Stored items
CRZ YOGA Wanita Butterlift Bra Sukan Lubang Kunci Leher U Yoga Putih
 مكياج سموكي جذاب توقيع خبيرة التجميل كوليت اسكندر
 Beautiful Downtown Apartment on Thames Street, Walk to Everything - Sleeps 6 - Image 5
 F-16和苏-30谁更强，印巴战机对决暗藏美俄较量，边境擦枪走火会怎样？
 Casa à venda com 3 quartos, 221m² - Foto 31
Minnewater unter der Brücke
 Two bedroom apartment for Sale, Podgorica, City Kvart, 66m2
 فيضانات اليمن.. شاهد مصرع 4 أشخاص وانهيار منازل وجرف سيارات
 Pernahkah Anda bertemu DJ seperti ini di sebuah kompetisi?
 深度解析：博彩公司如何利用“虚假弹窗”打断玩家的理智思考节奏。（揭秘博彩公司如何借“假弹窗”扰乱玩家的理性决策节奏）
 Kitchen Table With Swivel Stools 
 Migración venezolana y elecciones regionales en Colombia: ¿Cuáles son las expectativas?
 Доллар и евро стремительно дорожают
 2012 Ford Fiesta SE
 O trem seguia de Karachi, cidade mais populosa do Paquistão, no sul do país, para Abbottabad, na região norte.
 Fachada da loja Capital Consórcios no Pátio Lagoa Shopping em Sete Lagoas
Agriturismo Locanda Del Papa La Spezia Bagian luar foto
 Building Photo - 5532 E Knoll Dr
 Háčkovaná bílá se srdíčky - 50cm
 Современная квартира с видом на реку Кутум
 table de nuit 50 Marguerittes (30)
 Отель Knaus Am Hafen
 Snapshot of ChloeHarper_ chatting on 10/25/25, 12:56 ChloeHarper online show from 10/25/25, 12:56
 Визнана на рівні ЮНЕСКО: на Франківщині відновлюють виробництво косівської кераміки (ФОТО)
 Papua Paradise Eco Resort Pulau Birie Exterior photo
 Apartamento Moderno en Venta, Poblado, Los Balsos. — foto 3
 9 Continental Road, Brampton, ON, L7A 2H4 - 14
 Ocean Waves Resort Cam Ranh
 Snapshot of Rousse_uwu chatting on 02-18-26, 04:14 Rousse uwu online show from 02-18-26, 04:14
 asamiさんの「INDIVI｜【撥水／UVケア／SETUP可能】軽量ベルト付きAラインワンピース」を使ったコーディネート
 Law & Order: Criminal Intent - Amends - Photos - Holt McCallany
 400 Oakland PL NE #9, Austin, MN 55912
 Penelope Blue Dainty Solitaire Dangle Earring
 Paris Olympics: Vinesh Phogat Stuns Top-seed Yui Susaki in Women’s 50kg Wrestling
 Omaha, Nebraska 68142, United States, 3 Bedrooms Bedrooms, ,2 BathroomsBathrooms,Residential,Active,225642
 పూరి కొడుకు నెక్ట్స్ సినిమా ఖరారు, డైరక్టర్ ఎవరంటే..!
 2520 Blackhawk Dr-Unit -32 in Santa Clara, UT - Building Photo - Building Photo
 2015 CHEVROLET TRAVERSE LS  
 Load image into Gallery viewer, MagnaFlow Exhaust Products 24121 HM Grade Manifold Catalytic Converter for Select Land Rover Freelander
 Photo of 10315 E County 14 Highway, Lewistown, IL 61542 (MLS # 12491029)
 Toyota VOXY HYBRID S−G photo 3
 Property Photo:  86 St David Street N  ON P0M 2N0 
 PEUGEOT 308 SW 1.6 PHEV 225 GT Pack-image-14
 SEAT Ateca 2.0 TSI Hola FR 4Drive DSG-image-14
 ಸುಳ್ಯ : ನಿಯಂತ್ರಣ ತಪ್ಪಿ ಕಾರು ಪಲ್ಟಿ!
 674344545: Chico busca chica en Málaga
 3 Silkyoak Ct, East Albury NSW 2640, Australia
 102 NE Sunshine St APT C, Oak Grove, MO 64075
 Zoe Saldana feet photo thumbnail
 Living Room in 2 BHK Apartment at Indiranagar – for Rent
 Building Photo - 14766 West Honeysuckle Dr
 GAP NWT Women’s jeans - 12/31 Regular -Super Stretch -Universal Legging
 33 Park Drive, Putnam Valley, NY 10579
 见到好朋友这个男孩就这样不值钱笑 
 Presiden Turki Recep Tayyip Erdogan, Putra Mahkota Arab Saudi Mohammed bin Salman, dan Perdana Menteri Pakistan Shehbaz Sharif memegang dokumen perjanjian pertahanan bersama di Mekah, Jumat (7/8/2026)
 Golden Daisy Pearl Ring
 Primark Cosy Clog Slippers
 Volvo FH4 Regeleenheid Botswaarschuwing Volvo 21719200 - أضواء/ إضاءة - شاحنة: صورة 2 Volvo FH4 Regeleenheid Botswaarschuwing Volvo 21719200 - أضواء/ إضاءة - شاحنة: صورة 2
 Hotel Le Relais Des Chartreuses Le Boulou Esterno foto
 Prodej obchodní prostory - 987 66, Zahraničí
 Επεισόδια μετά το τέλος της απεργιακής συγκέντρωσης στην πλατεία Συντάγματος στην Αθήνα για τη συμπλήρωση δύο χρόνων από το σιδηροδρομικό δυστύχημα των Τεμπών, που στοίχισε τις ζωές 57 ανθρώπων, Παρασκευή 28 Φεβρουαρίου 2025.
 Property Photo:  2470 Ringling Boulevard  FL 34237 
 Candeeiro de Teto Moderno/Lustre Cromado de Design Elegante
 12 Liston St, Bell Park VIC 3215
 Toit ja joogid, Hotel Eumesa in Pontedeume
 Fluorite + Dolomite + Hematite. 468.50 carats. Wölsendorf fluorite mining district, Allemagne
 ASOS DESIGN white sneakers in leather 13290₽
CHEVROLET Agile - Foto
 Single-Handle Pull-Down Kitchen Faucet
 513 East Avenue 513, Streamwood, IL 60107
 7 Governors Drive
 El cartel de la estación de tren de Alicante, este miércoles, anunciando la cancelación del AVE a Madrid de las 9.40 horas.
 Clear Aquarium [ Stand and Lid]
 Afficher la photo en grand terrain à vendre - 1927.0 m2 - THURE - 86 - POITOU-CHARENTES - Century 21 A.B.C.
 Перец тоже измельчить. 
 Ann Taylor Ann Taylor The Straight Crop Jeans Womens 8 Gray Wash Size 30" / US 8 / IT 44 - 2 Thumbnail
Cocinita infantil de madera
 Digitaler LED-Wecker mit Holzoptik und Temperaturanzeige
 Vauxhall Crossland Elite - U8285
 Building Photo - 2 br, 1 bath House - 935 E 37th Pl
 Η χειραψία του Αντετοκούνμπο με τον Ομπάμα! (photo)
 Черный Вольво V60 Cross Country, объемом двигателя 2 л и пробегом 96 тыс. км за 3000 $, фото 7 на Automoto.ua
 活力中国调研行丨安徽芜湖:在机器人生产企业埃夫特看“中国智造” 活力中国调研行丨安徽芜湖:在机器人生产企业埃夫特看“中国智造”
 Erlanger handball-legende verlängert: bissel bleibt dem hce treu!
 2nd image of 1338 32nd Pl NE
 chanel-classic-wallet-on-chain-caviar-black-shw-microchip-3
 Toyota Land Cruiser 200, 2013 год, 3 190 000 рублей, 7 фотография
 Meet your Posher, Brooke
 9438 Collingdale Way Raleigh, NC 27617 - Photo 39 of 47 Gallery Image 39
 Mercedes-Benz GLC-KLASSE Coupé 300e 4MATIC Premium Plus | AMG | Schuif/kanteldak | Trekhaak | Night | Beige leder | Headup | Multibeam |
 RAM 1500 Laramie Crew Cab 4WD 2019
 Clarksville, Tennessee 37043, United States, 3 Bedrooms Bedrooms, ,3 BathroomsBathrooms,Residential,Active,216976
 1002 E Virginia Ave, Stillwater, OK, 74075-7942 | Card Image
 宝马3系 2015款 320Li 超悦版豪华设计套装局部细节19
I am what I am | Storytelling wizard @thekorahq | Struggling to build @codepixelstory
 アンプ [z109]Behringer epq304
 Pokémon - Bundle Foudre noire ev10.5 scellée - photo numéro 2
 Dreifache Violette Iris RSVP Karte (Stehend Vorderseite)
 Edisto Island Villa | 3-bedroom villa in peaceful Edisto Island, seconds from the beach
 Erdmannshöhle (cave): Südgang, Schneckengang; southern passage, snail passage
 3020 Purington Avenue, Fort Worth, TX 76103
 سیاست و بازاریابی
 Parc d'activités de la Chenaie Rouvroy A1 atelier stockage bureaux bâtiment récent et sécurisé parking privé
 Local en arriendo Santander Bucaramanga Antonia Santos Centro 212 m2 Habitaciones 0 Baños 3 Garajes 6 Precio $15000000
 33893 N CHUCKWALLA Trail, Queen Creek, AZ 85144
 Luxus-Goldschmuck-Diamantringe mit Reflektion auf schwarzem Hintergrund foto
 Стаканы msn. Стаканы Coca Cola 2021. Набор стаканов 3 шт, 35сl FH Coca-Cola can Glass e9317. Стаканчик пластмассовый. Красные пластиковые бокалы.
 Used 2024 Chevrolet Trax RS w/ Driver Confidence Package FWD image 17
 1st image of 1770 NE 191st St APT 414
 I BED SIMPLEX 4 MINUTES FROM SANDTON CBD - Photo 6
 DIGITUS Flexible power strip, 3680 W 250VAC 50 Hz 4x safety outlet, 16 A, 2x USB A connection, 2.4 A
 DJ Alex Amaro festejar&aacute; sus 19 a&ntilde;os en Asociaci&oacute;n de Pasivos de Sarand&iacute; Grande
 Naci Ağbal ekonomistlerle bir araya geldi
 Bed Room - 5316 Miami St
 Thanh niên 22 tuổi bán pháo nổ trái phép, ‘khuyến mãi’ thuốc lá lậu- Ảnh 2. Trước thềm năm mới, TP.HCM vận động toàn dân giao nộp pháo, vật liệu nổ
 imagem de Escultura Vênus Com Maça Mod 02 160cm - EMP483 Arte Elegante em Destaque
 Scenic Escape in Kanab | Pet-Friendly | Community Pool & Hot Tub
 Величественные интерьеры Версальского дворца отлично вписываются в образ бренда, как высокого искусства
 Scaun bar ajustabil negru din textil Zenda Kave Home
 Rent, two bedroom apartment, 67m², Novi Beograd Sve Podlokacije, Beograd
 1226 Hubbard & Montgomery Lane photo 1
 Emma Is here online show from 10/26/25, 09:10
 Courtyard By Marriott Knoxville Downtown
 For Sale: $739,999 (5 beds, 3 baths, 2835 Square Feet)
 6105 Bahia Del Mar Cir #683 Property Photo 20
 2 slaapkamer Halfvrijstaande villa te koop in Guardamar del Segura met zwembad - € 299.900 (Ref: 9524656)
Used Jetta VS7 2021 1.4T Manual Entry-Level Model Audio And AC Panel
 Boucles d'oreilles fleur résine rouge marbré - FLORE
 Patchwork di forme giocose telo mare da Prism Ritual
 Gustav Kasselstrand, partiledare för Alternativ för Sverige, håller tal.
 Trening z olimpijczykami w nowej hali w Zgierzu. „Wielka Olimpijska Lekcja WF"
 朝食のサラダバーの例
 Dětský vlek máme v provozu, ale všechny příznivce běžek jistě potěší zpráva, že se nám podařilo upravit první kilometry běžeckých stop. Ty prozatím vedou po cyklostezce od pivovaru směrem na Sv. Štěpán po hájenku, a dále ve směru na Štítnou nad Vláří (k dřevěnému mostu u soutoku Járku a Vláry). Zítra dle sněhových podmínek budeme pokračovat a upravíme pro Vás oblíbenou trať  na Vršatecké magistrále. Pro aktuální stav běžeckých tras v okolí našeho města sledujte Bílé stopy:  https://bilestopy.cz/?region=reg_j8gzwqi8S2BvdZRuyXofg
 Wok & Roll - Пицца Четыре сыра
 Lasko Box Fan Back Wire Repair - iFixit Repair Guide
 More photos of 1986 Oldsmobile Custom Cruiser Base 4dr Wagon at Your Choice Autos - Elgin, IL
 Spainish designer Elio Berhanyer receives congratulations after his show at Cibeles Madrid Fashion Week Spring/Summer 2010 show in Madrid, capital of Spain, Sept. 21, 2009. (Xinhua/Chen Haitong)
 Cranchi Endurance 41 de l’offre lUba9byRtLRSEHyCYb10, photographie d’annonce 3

| Task requirements |
Once the line with "Parc d'activités de" is found in the records above, print exactly that line and every line after it through the line with "Courtyard By Marriott Knoxville Downtown".

| Reply to the task |
 Parc d'activités de la Chenaie Rouvroy A1 atelier stockage bureaux bâtiment récent et sécurisé parking privé
 Local en arriendo Santander Bucaramanga Antonia Santos Centro 212 m2 Habitaciones 0 Baños 3 Garajes 6 Precio $15000000
 33893 N CHUCKWALLA Trail, Queen Creek, AZ 85144
 Luxus-Goldschmuck-Diamantringe mit Reflektion auf schwarzem Hintergrund foto
 Стаканы msn. Стаканы Coca Cola 2021. Набор стаканов 3 шт, 35сl FH Coca-Cola can Glass e9317. Стаканчик пластмассовый. Красные пластиковые бокалы.
 Used 2024 Chevrolet Trax RS w/ Driver Confidence Package FWD image 17
 1st image of 1770 NE 191st St APT 414
 I BED SIMPLEX 4 MINUTES FROM SANDTON CBD - Photo 6
 DIGITUS Flexible power strip, 3680 W 250VAC 50 Hz 4x safety outlet, 16 A, 2x USB A connection, 2.4 A
 DJ Alex Amaro festejar&aacute; sus 19 a&ntilde;os en Asociaci&oacute;n de Pasivos de Sarand&iacute; Grande
 Naci Ağbal ekonomistlerle bir araya geldi
 Bed Room - 5316 Miami St
 Thanh niên 22 tuổi bán pháo nổ trái phép, ‘khuyến mãi’ thuốc lá lậu- Ảnh 2. Trước thềm năm mới, TP.HCM vận động toàn dân giao nộp pháo, vật liệu nổ
 imagem de Escultura Vênus Com Maça Mod 02 160cm - EMP483 Arte Elegante em Destaque
 Scenic Escape in Kanab | Pet-Friendly | Community Pool & Hot Tub
 Величественные интерьеры Версальского дворца отлично вписываются в образ бренда, как высокого искусства
 Scaun bar ajustabil negru din textil Zenda Kave Home
 Rent, two bedroom apartment, 67m², Novi Beograd Sve Podlokacije, Beograd
 1226 Hubbard & Montgomery Lane photo 1
 Emma Is here online show from 10/26/25, 09:10
 Courtyard By Marriott Knoxville Downtown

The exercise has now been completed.